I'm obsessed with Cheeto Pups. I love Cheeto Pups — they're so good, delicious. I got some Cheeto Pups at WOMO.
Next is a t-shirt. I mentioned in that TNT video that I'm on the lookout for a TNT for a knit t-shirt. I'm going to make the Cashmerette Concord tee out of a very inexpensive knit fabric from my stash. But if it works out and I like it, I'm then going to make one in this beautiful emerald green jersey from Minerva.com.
...
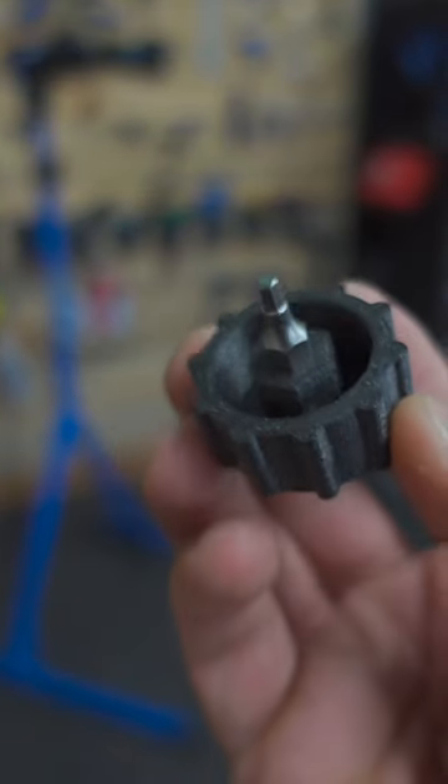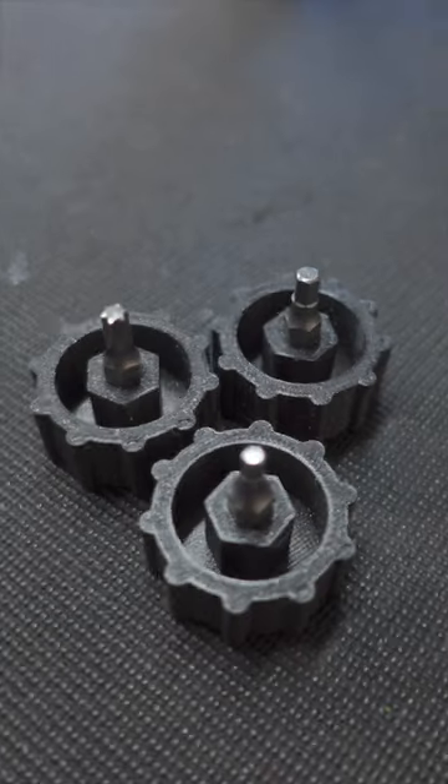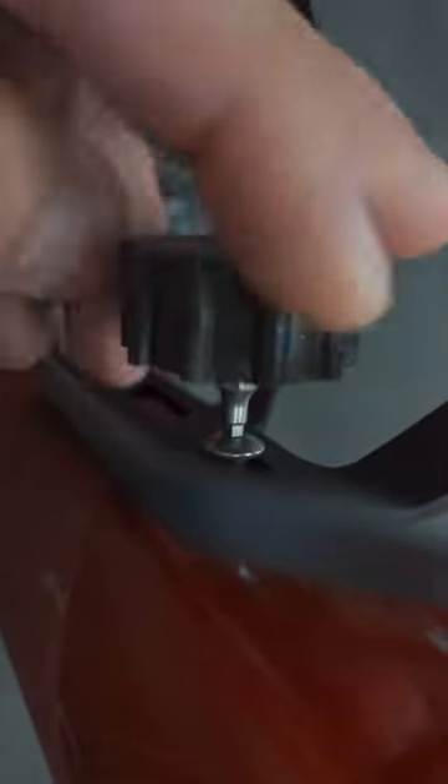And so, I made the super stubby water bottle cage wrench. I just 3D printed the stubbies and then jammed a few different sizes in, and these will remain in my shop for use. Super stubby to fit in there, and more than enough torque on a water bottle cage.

▶ **EXERCISE PROMPT**
The answer is the lines above between the line holding "I'm obsessed with" and the line holding "Next is a t-shirt.", inclusive, each written out exactly, and no others.

▶ **YOUR RESPONSE**
I'm obsessed with Cheeto Pups. I love Cheeto Pups — they're so good, delicious. I got some Cheeto Pups at WOMO.
Next is a t-shirt. I mentioned in that TNT video that I'm on the lookout for a TNT for a knit t-shirt. I'm going to make the Cashmerette Concord tee out of a very inexpensive knit fabric from my stash. But if it works out and I like it, I'm then going to make one in this beautiful emerald green jersey from Minerva.com.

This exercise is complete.